The two primary Hbase + Python + Thrift sources I used for this were:

Using Facebook’s Thrift with Python and HBase (posted July 2008)

and

How-to: Use the HBase Thrift Interface, Part 1 and Part 2 and Part 3 (posted September 2013)

So lets start.

First up, I downloaded thrift 0.9.3 and did the normal configure and make, but this didn't compile for me.

src/thrift/qt/moc_TQTcpServer.cpp:14:2: error: #error "This file was generated using the moc from 4.8.1. It"
src/thrift/qt/moc_TQTcpServer.cpp:15:2: error: #error "cannot be used with the include files from this version of Qt."
src/thrift/qt/moc_TQTcpServer.cpp:16:2: error: #error "(The moc has changed too much.)"

this was also the case with thrift 0.9.2, 0.9.1, and 0.9.0.

I went to thrift 0.8.0 and hit other build errors.  These were maybe solvable, but being lazy I just downloaded 0.7.0 to try it, and it compiled fine.  So I ended up using thrift 0.7.0.

Since this compiled, I need to install it somewhere.  I'm going to install into a non-privileged directory, so set all of these prefixes appropriately when you configure and make install.  If you're root and you can install anywhere, you can probably ignore all of this.  Adjust appropriately if you use bash instead of tcsh.

setenv PY_PREFIX /yourprefix/thriftpy/
setenv JAVA_PREFIX /yourprefix/thriftpy/
setenv RUBY_PREFIX /yourprefix/thriftpy/
setenv PHP_PREFIX /yourprefix/thriftpy/
setenv PHP_CONFIG_PREFIX /yourprefix/thriftpy/
setenv PERL_PREFIX /yourprefix/thriftpy/
./configure --prefix=/yourprefix/thriftpy --exec-prefix=/yourprefix/thriftpy
make install


After that, you should hopefully have thrift installed into your appropriate path and /yourprefix/thriftpy/bin/thrift should be available to run.

Now run thrift to generate Python files for Hbase

> /yourprefix/thriftpy/bin/thrift --gen py /usr/hdp/current/hbase-client/include/thrift/hbase1.thrift

Now if you're wondering why hbase1.thrift instead of hbase2.thrift, it's because there is now a newer thrift interface available compared to the original.  I use hbase1.thrift just to begin with.


Now there should be a "gen-py" sub-directory where you ran this.

Now we need to start the thrift server.  With HDP you can do:

/usr/bin/hbase thrift start

I started this in another window so I can control+C is later on.

Ok, onto code.  I started with code sort of from both the sites above and put together:

#!/usr/bin/env python                                                                                                                                 
import sys

sys.path.append('../gen-py/')
sys.path.append('../thriftpy/lib64/python2.6/site-packages/')

from thrift import Thrift
from thrift.transport import TSocket
from thrift.transport import TTransport
from thrift.protocol import TBinaryProtocol

from hbase import Hbase

# Make socket                                                                                                                                         
transport = TSocket.TSocket('localhost', 9090)

# Buffering is critical.

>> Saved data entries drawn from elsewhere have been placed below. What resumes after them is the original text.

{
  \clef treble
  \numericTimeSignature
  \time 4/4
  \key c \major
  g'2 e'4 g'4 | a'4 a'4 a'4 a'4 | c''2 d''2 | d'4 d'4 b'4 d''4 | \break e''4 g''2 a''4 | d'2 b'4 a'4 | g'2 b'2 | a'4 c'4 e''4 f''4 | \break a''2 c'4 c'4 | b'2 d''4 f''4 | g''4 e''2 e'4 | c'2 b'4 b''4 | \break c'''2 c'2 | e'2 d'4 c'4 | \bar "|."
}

Raw sockets are very slow                                                                                                    
transport = TTransport.TBufferedTransport(transport)

# Wrap in a protocol                                                                                                                                  
protocol = TBinaryProtocol.TBinaryProtocol(transport)

client = Hbase.Client(protocol)

transport.open()

tablenames = client.getTableNames()

print "table names are: " + ",".join(tablenames) 

You'll notice a few sys.path.append calls to add paths to my local dirs with libraries in them.  You may need to adjust accordingly for your installed things.

Hopefully, you should just be able to run this and there will be no problems (unless you've never created tables in Hbase, which you should create some).

Ok, now to read some data.  Again, pasting together some code from the above resources, this will get a single row of data.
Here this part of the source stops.